A mistrial is a drastic remedy and, except in instances in which a mistrial is mandatory, is warranted only when trial error results in substantial prejudice to defendant, depriving him of a reasonable expectation of a fair trial. State v. Smallwood, 09–86 (La.App. 5 Cir. 7/28/09), 20 So.3d 479, 489–90, writ denied, 09–2020 (La.9/24/10), 45 So.3d 1065; State v. Lagarde, 07–123 (La.App. 5 Cir. 5/29/07), 960 So.2d 1105, 1113–14, writ denied, 07–1650 (La.5/9/08), 980 So.2d 684. Whether a mistrial should be granted is within the sound discretion of the trial court, and the denial of a motion for a mistrial will not be disturbed absent an abuse of discretion. Smallwood, supra.

Upon review, we find that the statements made during closing were within the scope of argument, and the trial court did not abuse its discretion in denying defendant's motion for a mistrial. The prosecutor has considerable latitude in making closing arguments; however, such latitude is not without limits. State v. Greenup, 12–881 (La.App. 5 Cir. 8/27/13), 123 So.3d 768, 775, writ denied, 13–2300 (La.3/21/14), 135 So.3d 617; State v. Uloho, 04–55 (La.App. 5 Cir. 5/26/04), 875 So.2d 918, 927, writs denied, 04–1640 (La.11/19/04), 888 So.2d 192 and 08–2370 (La.1/30/09), 999 So.2d 753.

La.C.Cr.P. art. 774 defines the scope of argument and rebuttal:

The argument shall be confined to evidence admitted, to the lack of evidence, to conclusions of fact that the state or defendant may draw therefrom, and to the law applicable to the case.

The argument shall not appeal to prejudice.
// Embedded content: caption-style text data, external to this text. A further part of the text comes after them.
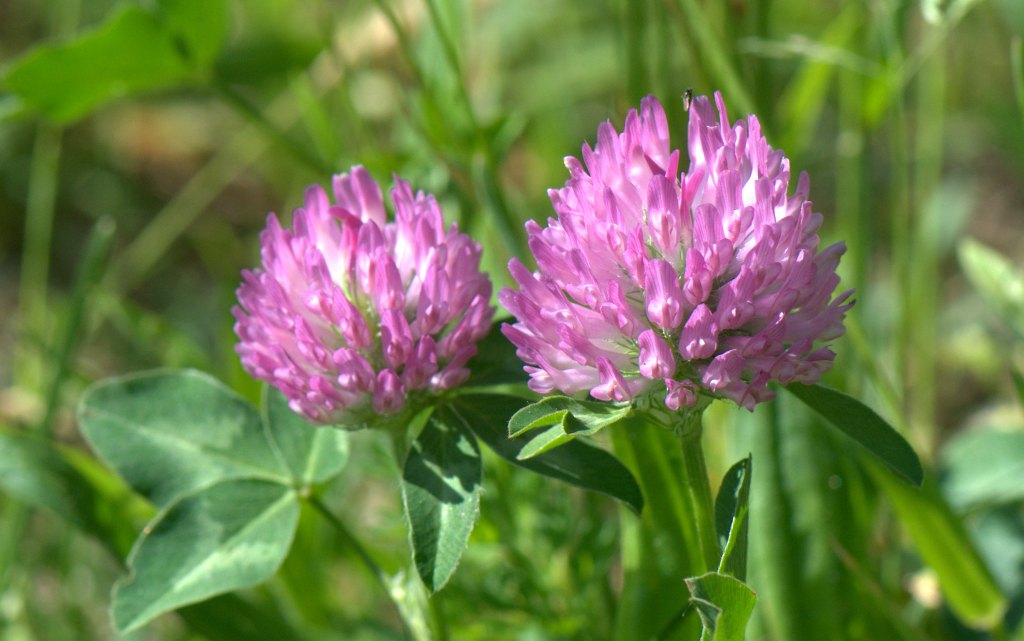 Red Clover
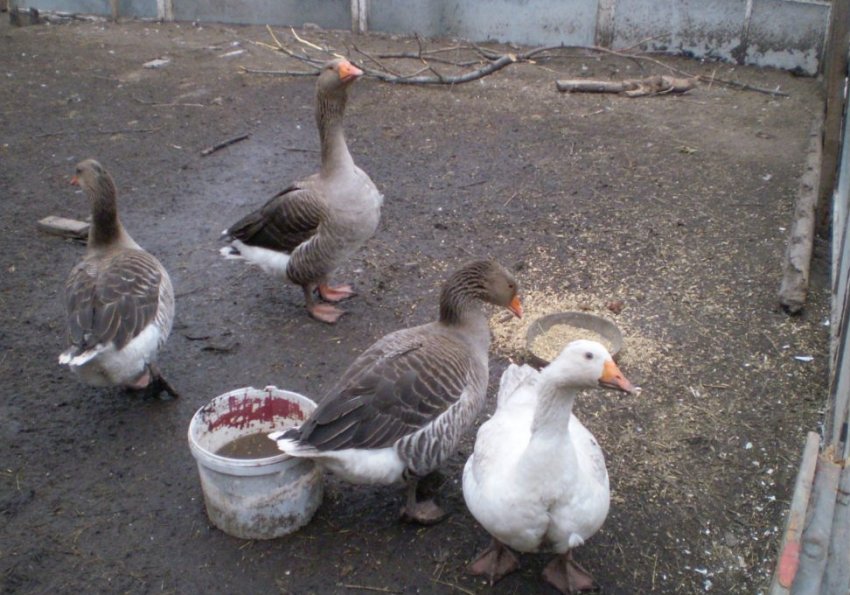 Велика сіра порода гусей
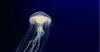 17-year-old dies after being stung by a hand of death, the most venomous jellyfish known to date.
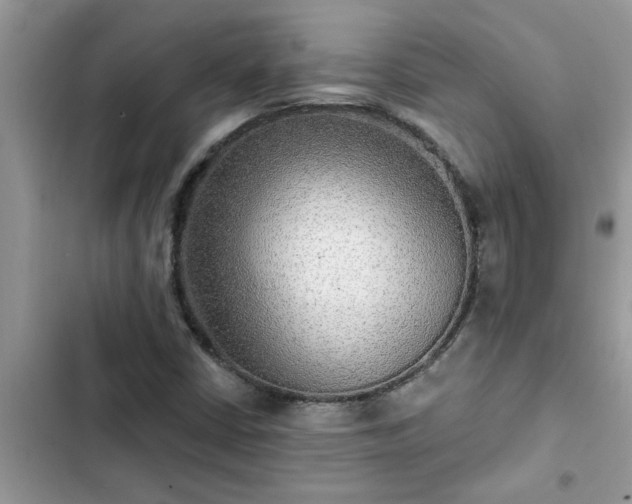 X0000102541402200808151632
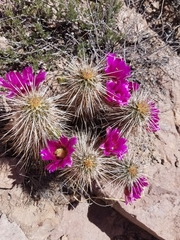 Echinocereus engelmannii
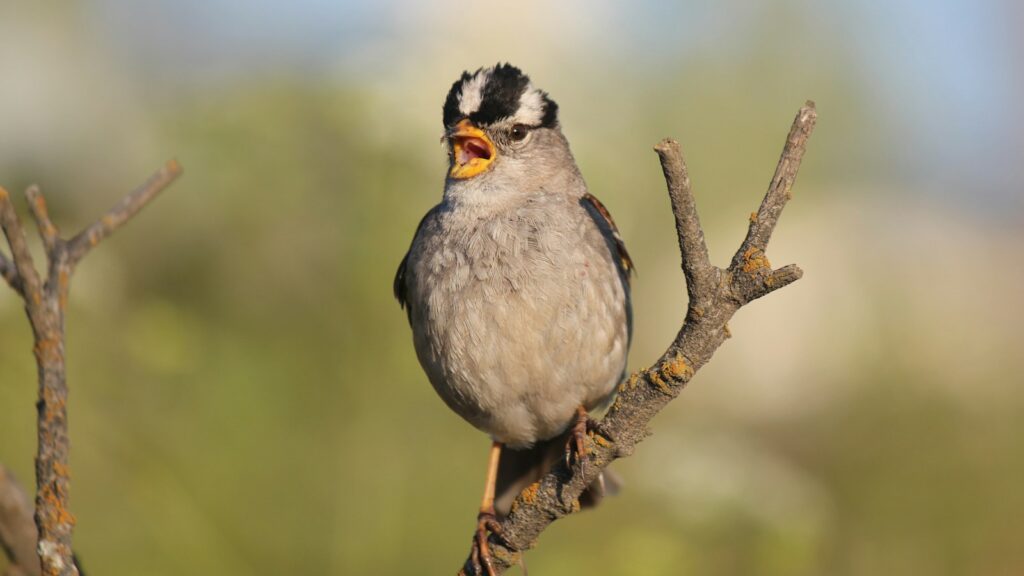 A White-crowned Sparrow with black and white plumage perches on a branch.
The state's rebuttal shall be confined to answering the argument of the defendant.
20 The trial judge has broad discretion in controlling the scope of closing arguments. Greenup, supra. A mistrial is warranted only when trial error results in substantial prejudice to the defendant, depriving him of a reasonable expectation of a fair trial. Smallwood, supra. Further, a conviction will not be reversed due to improper remarks during closing arguments unless the reviewing court is thoroughly convinced that the remarks influenced the jury and contributed to the verdict. Greenup, 123 So.3d at 775–76; Uloho, 875 So.2d at 927. In making this determination, the appellate court should give credit to the good sense and fair-mindedness of the jury that has seen the evidence and heard the argument and has been instructed that the arguments of counsel are not evidence. Uloho, 875 So.2d at 928.

In the present case, defendant does not present any evidence to suggest that he was so prejudiced that he was deprived of a fair trial nor that the jury verdict was influenced by the statements insinuating defendant had paid or threatened an exculpatory witness. Additionally, the court instructed the jurors before deliberation that the closing statements of counsel were not to be considered as evidence. Due to the broad latitude prosecutors are allowed during argument, we find that the trial court did not err in denying defendant's motion for a mistrial based on the statement made during closing argument, and further that reversal is not warranted since the prosecutor's remarks did not influence the jury or contribute to the guilty verdict. See Greenup, supra.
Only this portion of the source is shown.